Last synced: 4 days ago
JSON representation

LaMa, short for Labelling Machine, is an web application developed for aiding in thematic analysis of qualitative data.

Awesome Lists containing this project

README

        

[![status](https://joss.theoj.org/papers/f91f03787429efa115f1e3aa144254bc/status.svg)](https://joss.theoj.org/papers/f91f03787429efa115f1e3aa144254bc)

# LaMa (Labelling Machine)

![LaMa logo](/frontend/assets/lama_nobg.png)
===

LaMa is a Thematic Labelling web application that can facilitate easier analysis of texts by allowing to add labels to these text artifacts and group the created labels into themes. This tool was developed by a team of nine students for the Final Bachelor Project at the Eindhoven University of Technology.

The tool was created to facilitate collaboration and peer feedback on labelled artifacts.

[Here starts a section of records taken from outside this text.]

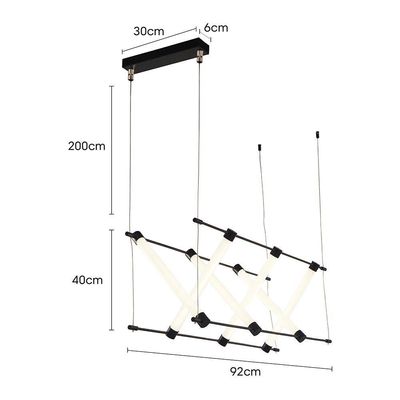 Lustre Pendente Nordecor Juli 2731 Preto Led Bivolt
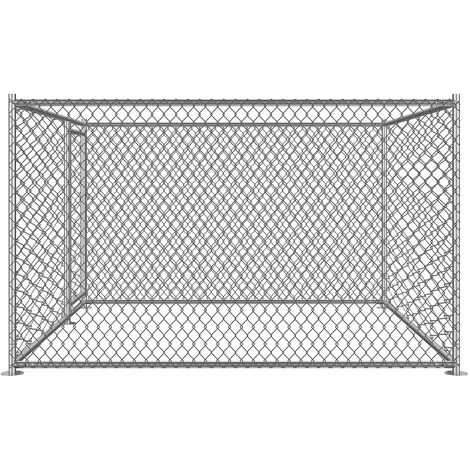 Bc-elec - RA-D22 Parc à Chiots 2x2x1.2m, Enclos Pour Chiens, Chenil D'extérieur, Enclos D'exercice Cage Pour Chiens - Gris 5 Bc-elec - RA-D22 Parc à Chiots 2x2x1.2m, Enclos Pour Chiens, Chenil D'extérieur, Enclos D'exercice Cage Pour Chiens - Gris – Image 5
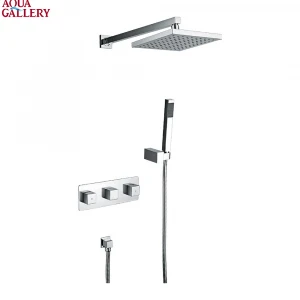 Functional High Pressure Chrome Plated Brass Concealed Shower MIxer Rainfall Shower Set	Of Sanitary Ware Shower Mixer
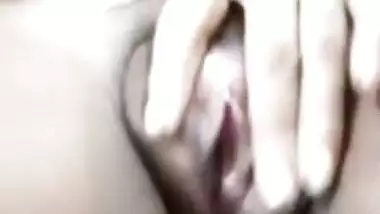 Horny cute Indian girl naked fingering video call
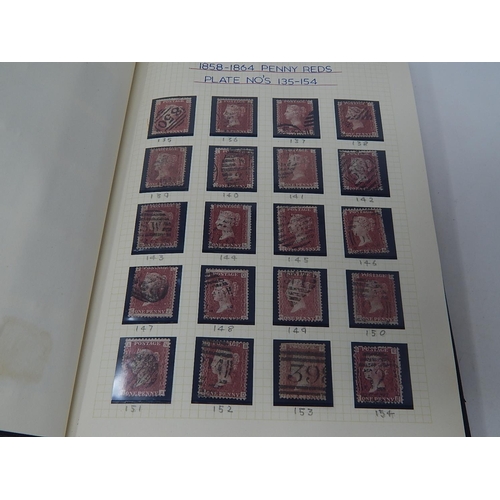 156 - An old-time collection of GB Stamps from 1841 1d Red, 2d Blue; complete run of 1d Reds from Plate 71...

LaMa allows for the user to label text in order to find patterns in qualitative data. Using this tool will allow for an easier, faster, and more structured way for one or more people to label a given text and resolve any conflicts that arise between labels. Additionally, it provides an free and open-source alternative for the commercial tools, such as [Atlas.ti](https://atlasti.com/) and [maxQDA](https://www.maxqda.com/).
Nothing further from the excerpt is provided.